The task |
As the answer, give a copy of each line below that includes the word "Image".

Extracted records:
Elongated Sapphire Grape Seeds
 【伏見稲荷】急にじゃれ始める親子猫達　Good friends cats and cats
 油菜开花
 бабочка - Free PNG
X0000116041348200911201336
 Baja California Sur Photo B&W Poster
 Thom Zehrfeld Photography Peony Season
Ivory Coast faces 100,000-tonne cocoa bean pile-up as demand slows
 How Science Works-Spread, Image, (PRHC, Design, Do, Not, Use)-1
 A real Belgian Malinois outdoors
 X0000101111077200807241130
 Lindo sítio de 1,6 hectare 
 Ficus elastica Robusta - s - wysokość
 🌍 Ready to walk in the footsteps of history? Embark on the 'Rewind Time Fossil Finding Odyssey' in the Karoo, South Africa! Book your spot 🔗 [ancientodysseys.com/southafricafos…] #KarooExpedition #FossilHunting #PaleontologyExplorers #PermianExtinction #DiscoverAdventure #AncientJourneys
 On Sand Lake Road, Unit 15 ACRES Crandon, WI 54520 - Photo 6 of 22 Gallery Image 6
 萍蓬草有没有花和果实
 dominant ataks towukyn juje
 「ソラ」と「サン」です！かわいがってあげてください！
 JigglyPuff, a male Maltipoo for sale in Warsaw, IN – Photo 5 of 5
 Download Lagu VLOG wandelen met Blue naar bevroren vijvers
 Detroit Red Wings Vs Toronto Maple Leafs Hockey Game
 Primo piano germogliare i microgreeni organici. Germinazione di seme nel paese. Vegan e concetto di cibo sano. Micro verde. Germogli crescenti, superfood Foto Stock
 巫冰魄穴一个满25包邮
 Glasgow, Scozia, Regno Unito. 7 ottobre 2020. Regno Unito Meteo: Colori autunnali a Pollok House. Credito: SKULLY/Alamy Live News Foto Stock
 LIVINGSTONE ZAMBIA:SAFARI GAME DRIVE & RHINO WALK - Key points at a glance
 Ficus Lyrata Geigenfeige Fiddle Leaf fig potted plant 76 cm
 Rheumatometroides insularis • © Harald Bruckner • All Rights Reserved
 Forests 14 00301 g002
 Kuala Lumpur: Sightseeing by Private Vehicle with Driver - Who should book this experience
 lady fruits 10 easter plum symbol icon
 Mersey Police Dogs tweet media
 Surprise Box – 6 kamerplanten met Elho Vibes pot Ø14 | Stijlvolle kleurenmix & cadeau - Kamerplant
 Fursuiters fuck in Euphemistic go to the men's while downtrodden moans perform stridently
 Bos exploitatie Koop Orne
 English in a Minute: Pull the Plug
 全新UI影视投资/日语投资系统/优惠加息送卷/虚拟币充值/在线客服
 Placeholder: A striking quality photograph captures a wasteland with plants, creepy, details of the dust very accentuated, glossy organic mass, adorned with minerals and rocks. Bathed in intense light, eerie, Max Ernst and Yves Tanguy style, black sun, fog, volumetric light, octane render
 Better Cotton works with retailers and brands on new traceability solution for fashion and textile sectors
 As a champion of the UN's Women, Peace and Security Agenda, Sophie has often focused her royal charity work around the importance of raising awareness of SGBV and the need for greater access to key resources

Task answer |
 How Science Works-Spread, Image, (PRHC, Design, Do, Not, Use)-1
 On Sand Lake Road, Unit 15 ACRES Crandon, WI 54520 - Photo 6 of 22 Gallery Image 6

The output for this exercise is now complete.